Mais de duas décadas depois da estreia dos livros e dos filmes, a franquia Harry Potter continua rendendo discussões acaloradas. Mesmo com todo o material disponível, algumas escolhas de roteiro e direção deixam pontos soltos que desafiam a lógica do universo mágico.
A seguir, o HeroesBrasil lista cinco detalhes envolvendo o trio de ouro de Harry Potter que seguem intrigando leitores e espectadores. Prepare a varinha e venha relembrar cada “furo” que ainda provoca debates nos corredores de Hogwarts.
A cicatriz errante de Harry nos filmes
A famosa marca em forma de raio deveria ser o traço mais consistente do protagonista, mas não foi isso que aconteceu nas oito produções cinematográficas. Em várias cenas, a cicatriz aparece mais à direita, depois desliza para o centro e, em tomadas seguintes, surge quase acima da sobrancelha esquerda. Daniel Radcliffe já comentou que usou centenas de próteses, o que ajuda a entender a dança do raio, mas não justifica o descuido num símbolo tão icônico.
No material impresso, claro, o problema não existe. A expectativa agora recai sobre a futura série da HBO: fãs torcem para que a adaptação televisiva mantenha a cicatriz fixa — algo que o cinema não conseguiu padronizar.
Bruxos desconhecem a odontologia… ou não?
Em O Enigma do Príncipe, Hermione explica que seus pais são dentistas e ainda precisa elucidá-los sobre a função do profissional: “cuidar dos dentes”. O diálogo renderia risadas se não contradissesse o próprio cânone. No segundo livro, A Câmara Secreta, o relógio da família Weasley inclui o marcador “dentista”, indicando que a prática não é tão alienígena assim ao mundo bruxo.
A falha fica mais evidente porque Arthur Weasley, eterno entusiasta dos objetos “muito interessantes” dos trouxas, certamente já teria pesquisado consultórios odontológicos. A confusão lembra certas franquias de games, nas quais roteiros trazem de volta personagens supostamente mortos — Kano e Kung Lao ressurgem em Mortal Kombat II, por exemplo —, criando incongruências internas que o público adora apontar.
Óculos, feitiços e miopia no mundo mágico
Se existirem feitiços para consertar ossos em minutos, por que a escola de magia mais famosa do planeta não tem um simples encantamento para corrigir a visão? Harry, Dumbledore e até a fantasma Murta Que Geme dependem de lentes durante toda a história. Pode parecer charme vintage, mas, em termos de coerência, soa estranho imaginar bruxos poderosíssimos presos a um problema corrigível no consultório optométrico trouxa mais próximo.
Imagem: Liz Declan
O próprio protagonista vive reparando a armação com o feitiço reparo. Nada impede que Madame Pomfrey aplique um feitiço mais permanente, mas o roteiro prefere manter o acessório, talvez para reforçar a imagem de “garoto comum” que carrega o peso do mundo mágico nas costas.
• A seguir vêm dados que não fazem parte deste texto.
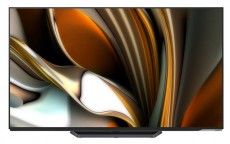 Hisense 55" 55A85H 4K UHD Smart Gamer OLED TV Televíziók - OLED televízió - UHD 4K felbontású - 457224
Romance improvável e escolhas de nomes questionáveis
Ninguém duvida da amizade entre Ron Weasley e Hermione Granger, mas transformá-la em romance sempre dividiu fãs. Nos filmes, o casal quase não tem momentos de verdadeira afinidade antes do beijo na câmara de Salazar Slytherin. Nos livros, há construção maior, mas ainda parece pouco para sustentar casamento e dois filhos vinte anos depois.
Para complicar, o epílogo apresenta Alvo Severo Potter. Homenagear Dumbledore é aceitável, embora o diretor tenha criado Harry para ser sacrificado. Já batizar o garoto com o nome de Severo Snape surpreende: o professor humilhou Harry por anos e apenas revelou seu lado protetor nos minutos finais. Personagens como Remo Lupin, que serviu como mentor real e afetuoso, ficaram de fora da certidão de nascimento.
Vale a pena revisitar o trio de ouro de Harry Potter?
Apesar dos furos, os acertos emocionais e a química entre Daniel Radcliffe, Emma Watson e Rupert Grint mantêm intacto o fascínio pelo trio de ouro de Harry Potter. Para quem curte analisar detalhes de sagas culturais, rever cada filme — e reler os livros — continua sendo um prato cheio de magia, nostalgia e, claro, questões sem resposta.